Chocolate bars are being locked in plastic boxes in some UK shops as retailers and police forces warn thieves are stealing them to order.
Sainsbury’s said it had begun using “boxes on products which are regularly targeted”, with £2.60 bars of Cadbury Dairy Milk locked up in one London branch.
Chocolate was more recently being “sold on by criminals and is now being targeted more frequently by prolific offenders,” according to the Association of Convenience Stores (ACS).



I suppose I’m trying to tie the disconnect between their costs and their stock value. In my mind, these two metrics would be intimately tied together such that as costs increase, their stock value decreases as they try to keep prices level to compete.

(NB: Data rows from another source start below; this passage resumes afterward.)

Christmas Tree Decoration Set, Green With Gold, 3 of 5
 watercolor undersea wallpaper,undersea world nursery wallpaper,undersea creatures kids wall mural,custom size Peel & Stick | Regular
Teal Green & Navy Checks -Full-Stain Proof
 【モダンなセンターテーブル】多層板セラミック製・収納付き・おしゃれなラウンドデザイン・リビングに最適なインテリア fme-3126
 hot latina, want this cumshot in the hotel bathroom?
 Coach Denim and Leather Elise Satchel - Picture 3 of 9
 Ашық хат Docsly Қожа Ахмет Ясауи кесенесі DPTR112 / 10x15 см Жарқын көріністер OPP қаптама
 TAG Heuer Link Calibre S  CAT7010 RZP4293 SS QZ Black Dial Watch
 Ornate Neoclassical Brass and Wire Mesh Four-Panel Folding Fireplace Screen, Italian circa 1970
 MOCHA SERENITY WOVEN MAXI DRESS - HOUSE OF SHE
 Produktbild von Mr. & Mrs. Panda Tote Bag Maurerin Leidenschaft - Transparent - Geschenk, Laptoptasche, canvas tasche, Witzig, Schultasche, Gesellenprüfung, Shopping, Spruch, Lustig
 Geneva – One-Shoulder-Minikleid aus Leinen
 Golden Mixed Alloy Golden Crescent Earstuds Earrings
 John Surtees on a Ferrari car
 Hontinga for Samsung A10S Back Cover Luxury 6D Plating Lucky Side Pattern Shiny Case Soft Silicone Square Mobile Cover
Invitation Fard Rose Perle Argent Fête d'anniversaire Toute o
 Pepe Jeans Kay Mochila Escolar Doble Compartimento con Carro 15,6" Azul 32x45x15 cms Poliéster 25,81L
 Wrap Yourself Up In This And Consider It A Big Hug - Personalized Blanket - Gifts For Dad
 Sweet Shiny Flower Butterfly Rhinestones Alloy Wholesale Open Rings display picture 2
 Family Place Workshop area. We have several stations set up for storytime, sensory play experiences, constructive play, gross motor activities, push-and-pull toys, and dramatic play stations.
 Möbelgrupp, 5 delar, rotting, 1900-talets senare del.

I’m not seeing that trend, it really seems like they’re still rewarding their shareholders whilst passing the costs on to the consumer. I simply do not buy their poverty argument
In a rational stock market (and there are numerous reasons why that might not apply) the value of a share reflects the expected future earnings from holding the share. The expected future earnings come in the form of dividends that the company distributes from the profit they make. So if a retailer’s costs increase, they put prices up to maintain the exact same profit, and sales do not fall, then you would not expect share price to change, because you would not expect any change to the future earnings from holding a share.
Of course, when prices change, it influences sales. But not always in the same way (because goods can be more or less elastic or - less so at supermarkets - luxury goods) and not always predictably; and since the expectation is about predicting behaviour, that means share price doesn’t even necessarily reflect what actually happens.